* [Exercise description]:
Word for word, copy the line that contains "Vahşet; Patileri kesilmiş ölü kedi bulundu" and each line after it in the data below. Pictures stay out of the copy.

[Saved data entries]
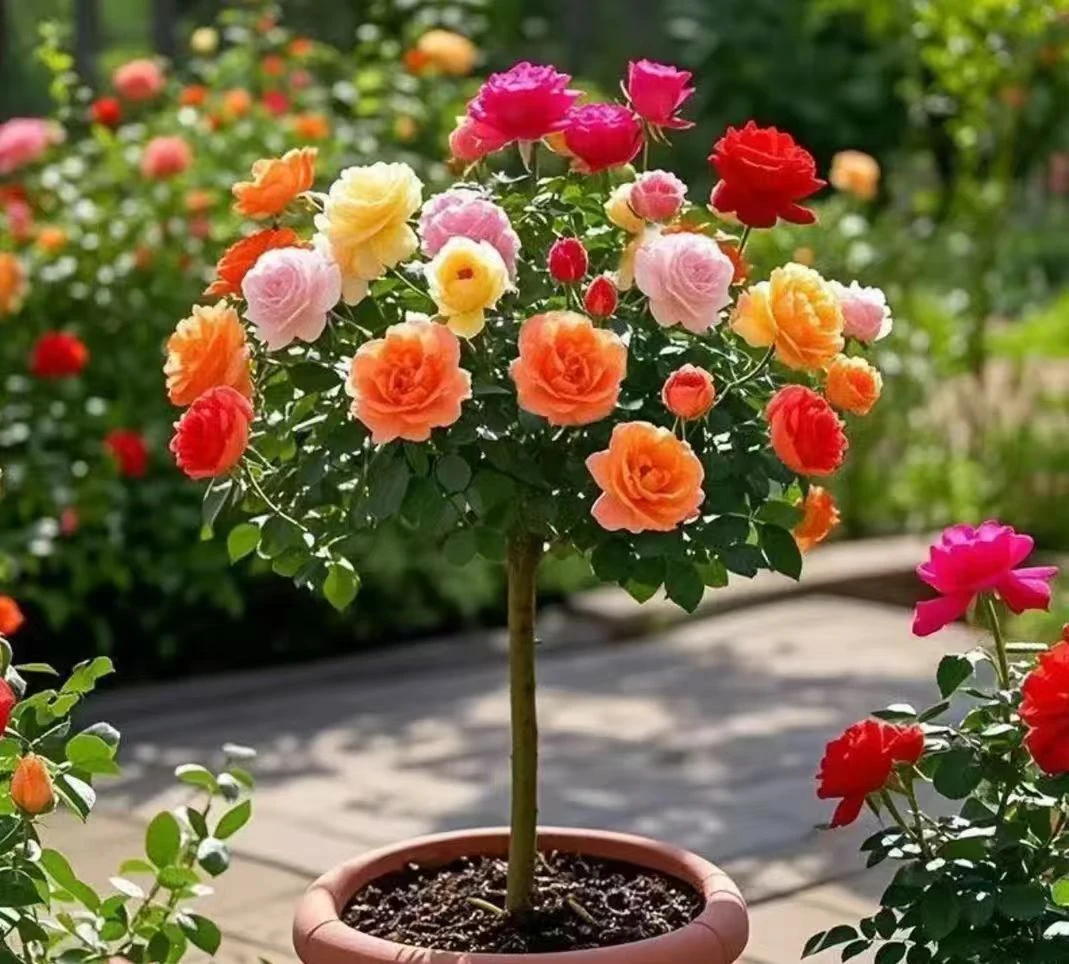 【混色棒棒糖】独颗高杆棒棒糖月季玫瑰2-3个颜色四季开花盆栽地栽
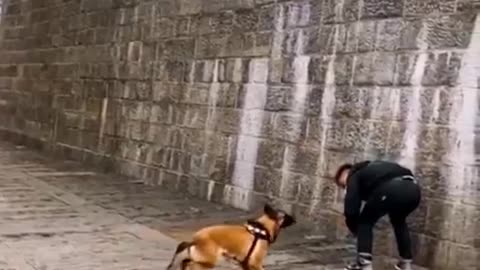 Watch this before buying Belgian Malinois eglish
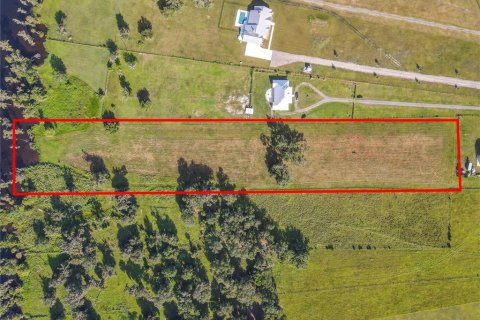 Land in Bunnell, Florida № 1827665 - photo 8
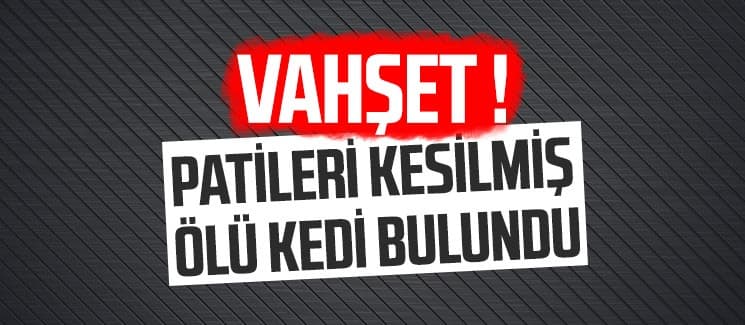 Vahşet; Patileri kesilmiş ölü kedi bulundu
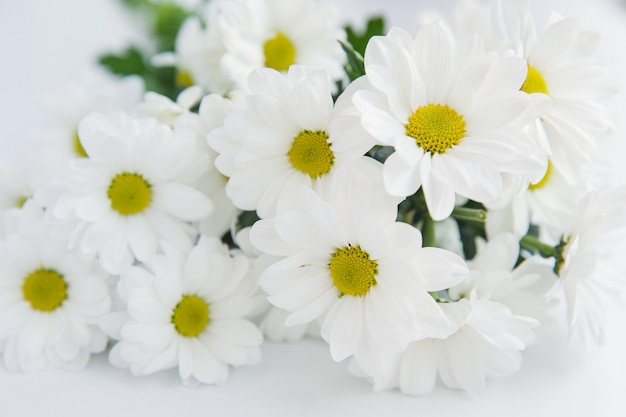 white chrysanthemums isolated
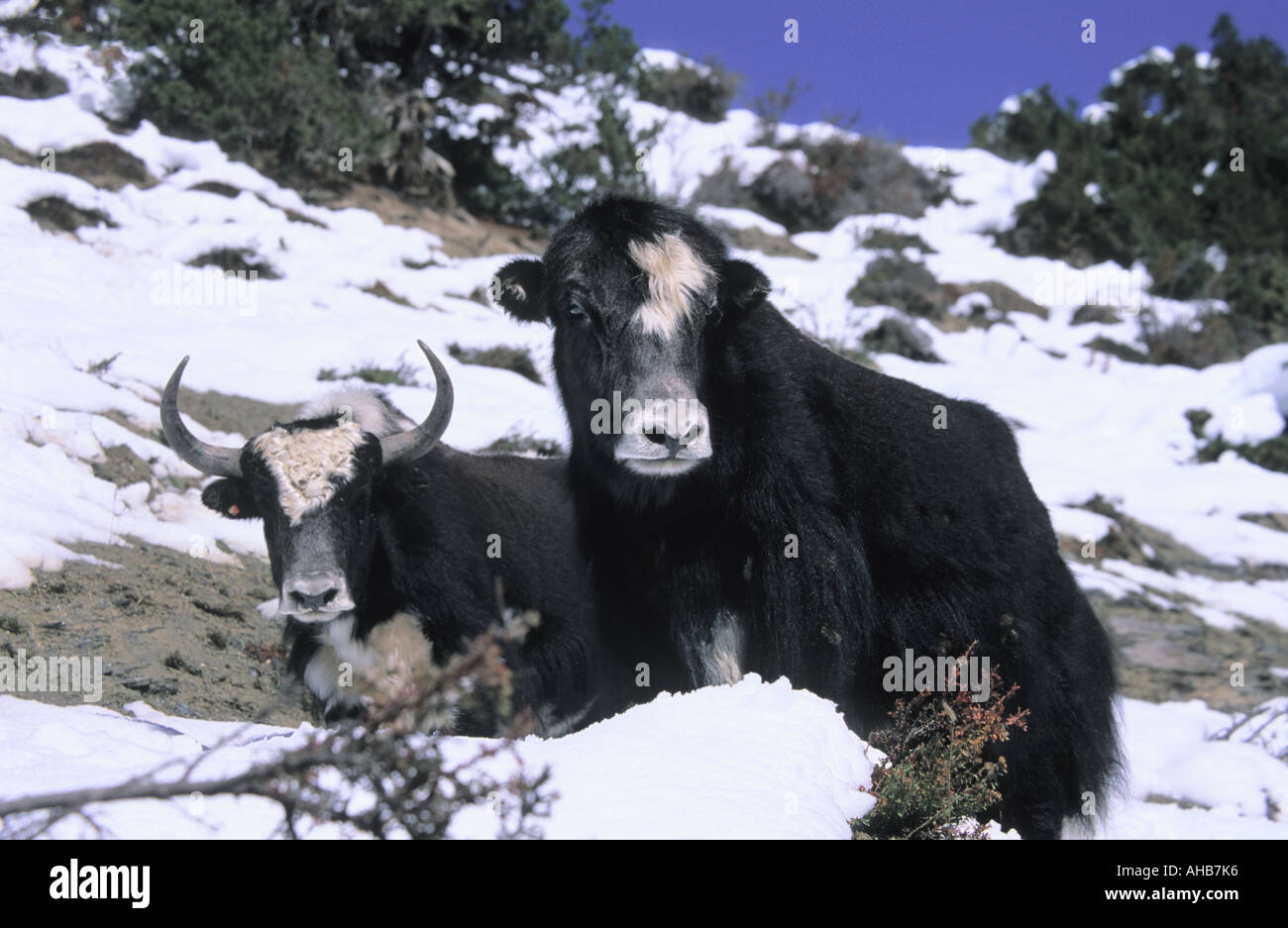 Yaks Bos grunniens in Ghyaru surroundings Annapurna Conservation Area Nepal Stock Photo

* [Solution to the problem]:
 Vahşet; Patileri kesilmiş ölü kedi bulundu
 white chrysanthemums isolated
 Yaks Bos grunniens in Ghyaru surroundings Annapurna Conservation Area Nepal Stock Photo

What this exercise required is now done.